This short piece was provided by Ken Stowell from the records kept by the late "Pip" Orange.
The family of Moundeford, which plays an important part in the history of Feltwell, was a junior branch of the Moundefordes of Hockwold. This family was associated with the village of Feltwell from about 1430, through six generations, until the death of the second Sir Edmund in 1643; just over two centuries.
Sir Edmund was MP for Thetford in 1628 and for Norfolk in 1640. He died without issue and the Feltwell branch of the Moundeford family ceased to exist. They were a fine old family and Feltwell is indebted to Sir Edmund for the parochial charity known as the Moundeford Charity.

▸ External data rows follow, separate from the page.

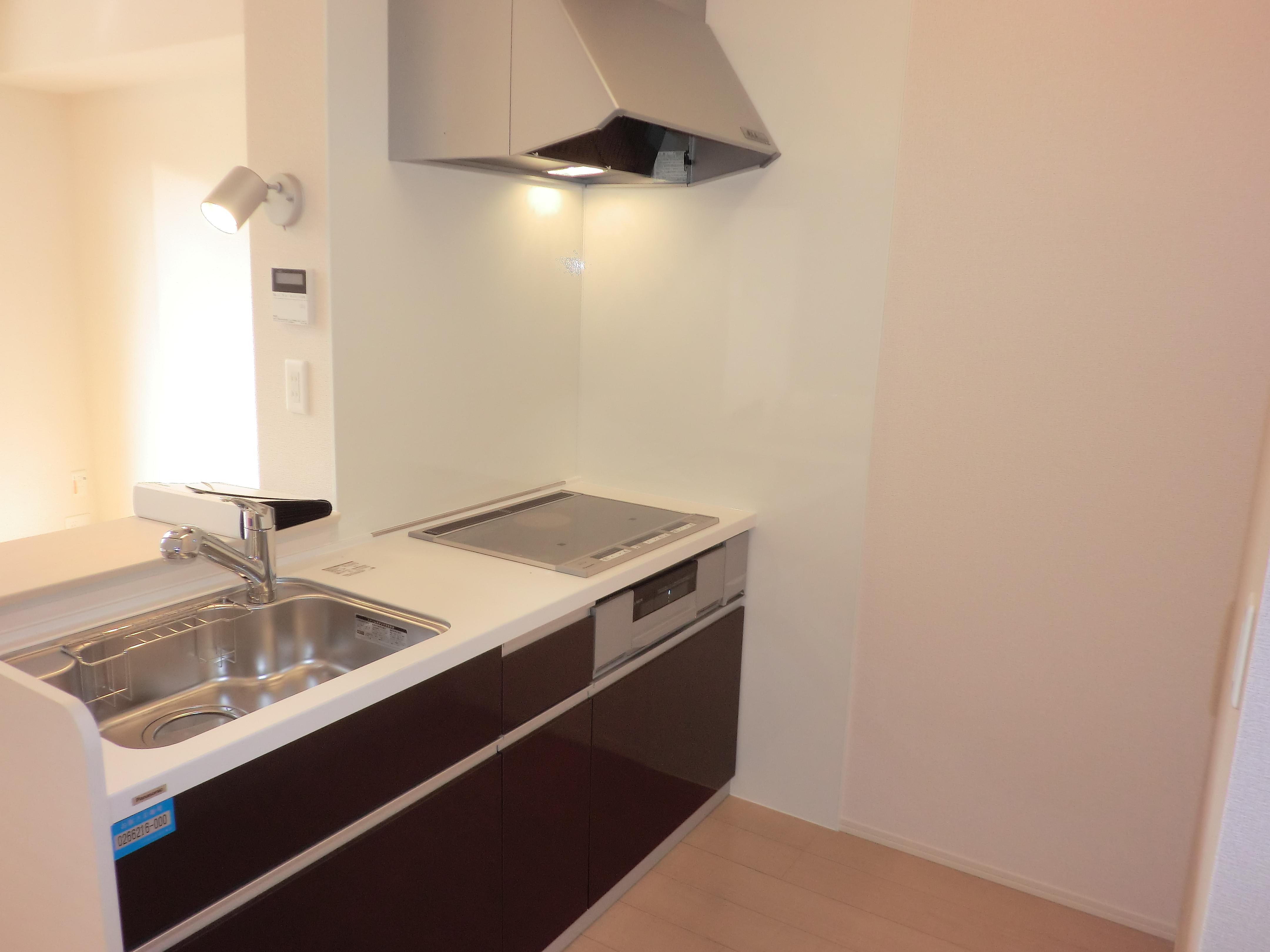 ★D-room★インターネット無料★ホワイトファミール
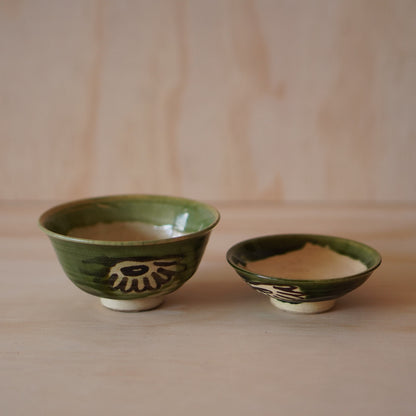 Vintage Showa era Japanese Ceramic Oribe glazed covered Chawan tea bowl from 1937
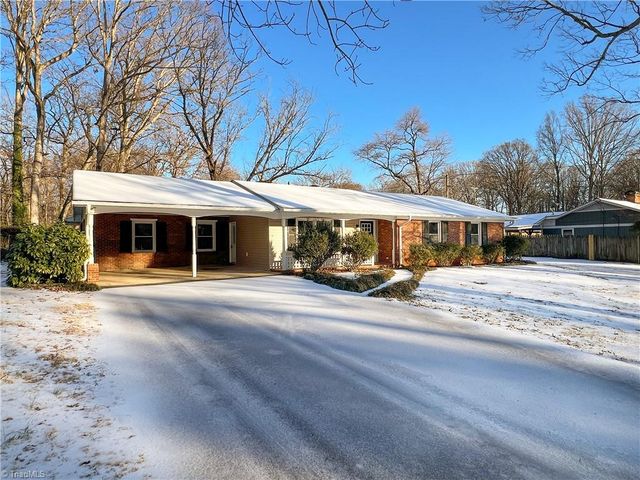 3015 Wonderwood Drive, Winston-salem, NC 27103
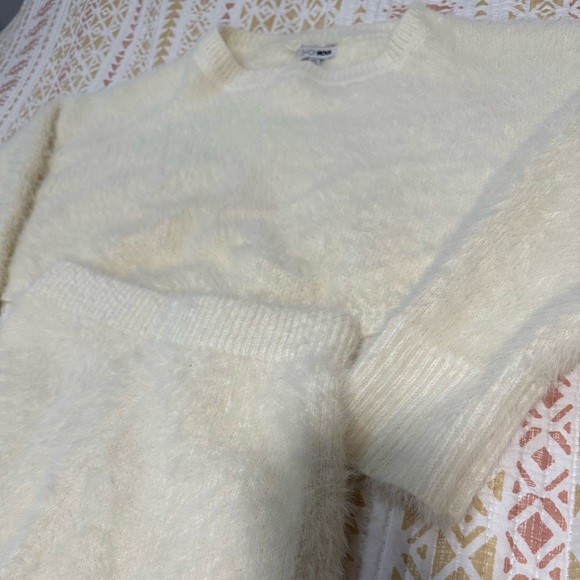 Fashion Nova Felicia Fuzzy Short Set - Ivory Size: XS (good for S too) - Picture 5 of 6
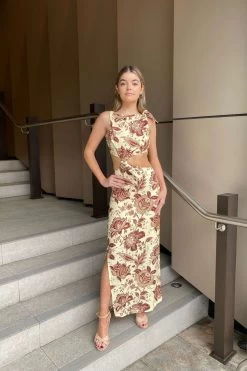 SIR THE LABEL Rei Knot Dress - RRP $399 7 SIR THE LABEL Rei Knot Dress - RRP $399 -Fashion Evening Dress Store rent sir the label rei knot dress rrp 0 hire dress for a night 30826751 1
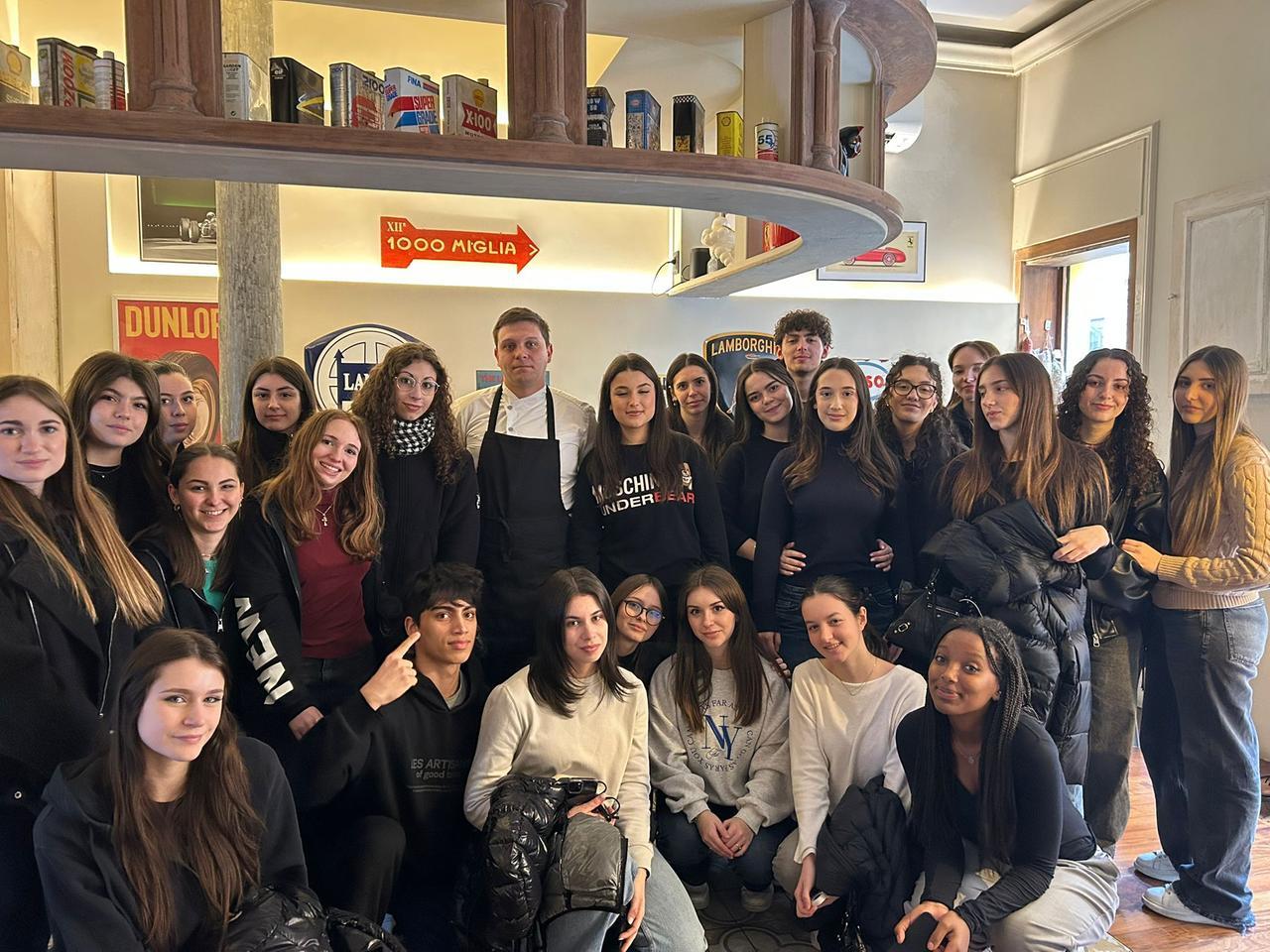 Tortellini e motori a Modena: in Calle di Luca ecco la nuova trattoria “Vitto”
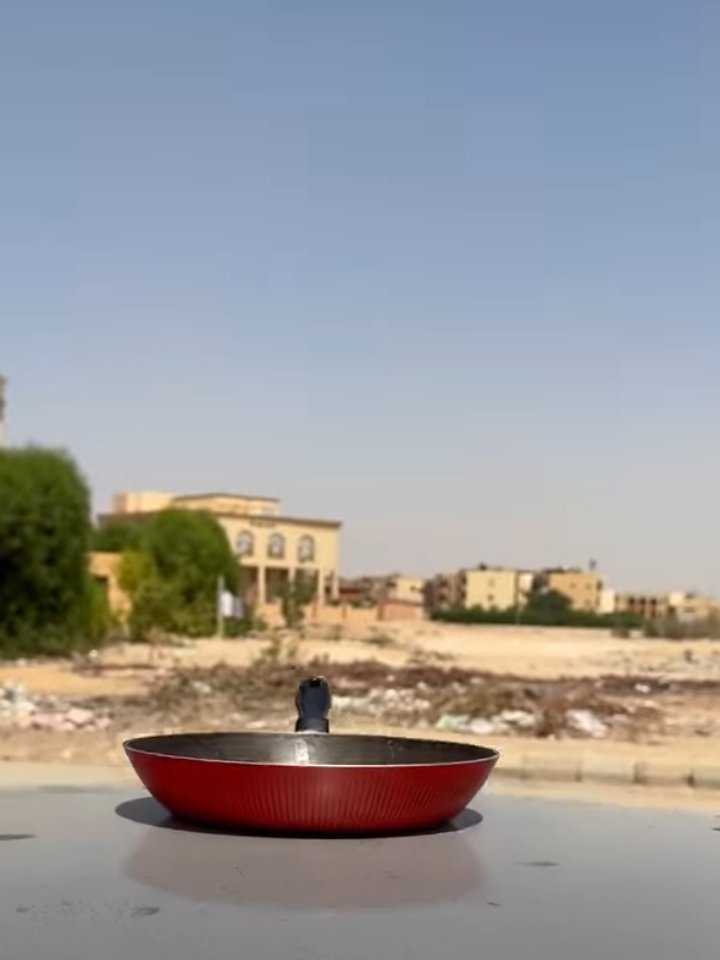 تجربة طهى البيض لمدرونا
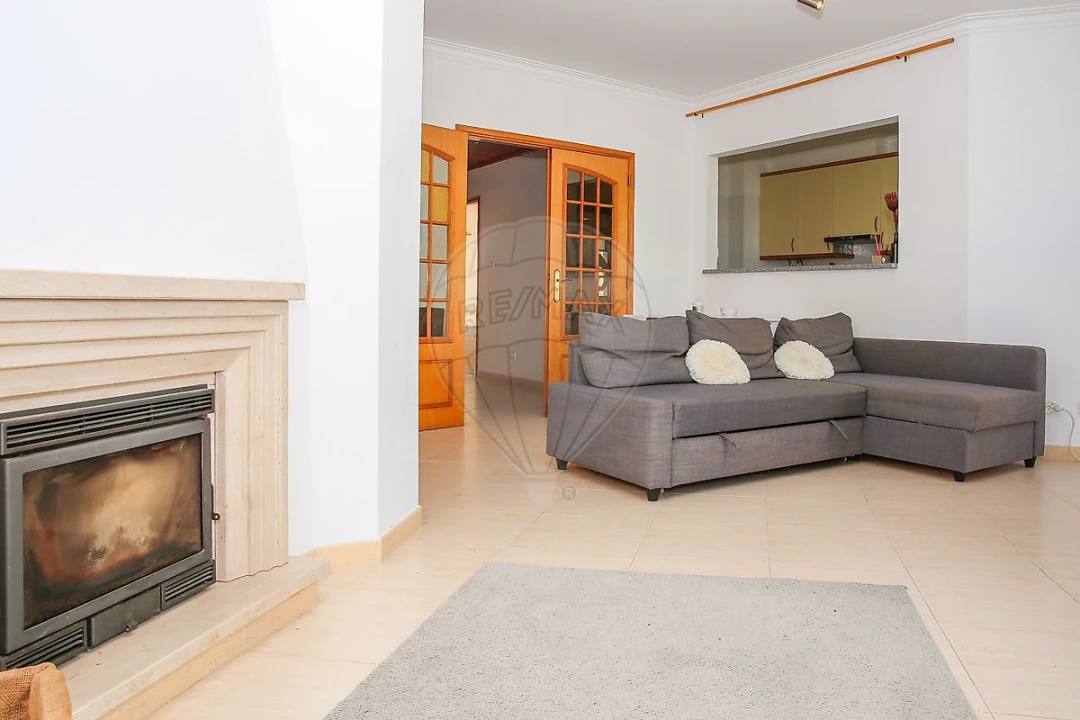 Apartamento T2 para Arrendamento em Alenquer (Santo Estêvão e Triana) Foto 8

He gave and settled by deed on the 10th September 1642, two several parts of marsh and fen ground in Feltwell: in South Fen one containing 600 acres, called Ten-feet Ground, the other containing 240 acres, called the Wannage, in Trust, the profits to be applied one third in the yearly distribution "of frize or some other clothing" among the poorer sort of people that have or shall be born in Feltwell; and two thirds in support of a free school in the said town "for the teaching of the children of the inhabitants grammar and other learning freely". But when the clear rents were more than £60 per annum he desired the surplus to be applied in some convenient ground in Feltwell with a convenient house upon it, or else to build one, for an almshouse for the placing and dwelling of poor, aged and impotent people inhabiting Feltwell. Then the surplus above £60 per annum shall be yearly bestowed amongst the poor people of the said almshouses. Part of the land he left was taken by the Commissioners for the drainage of the Bedford Level, and the estate in 1854 consisted of 633 acres 1 rod 18 perch of fenland and two houses. The school was erected by the Trustees in 1839 and the almshouses in 1819. The income from the land continues to benefit the children of the school as well as the inhabitants of the almshouses.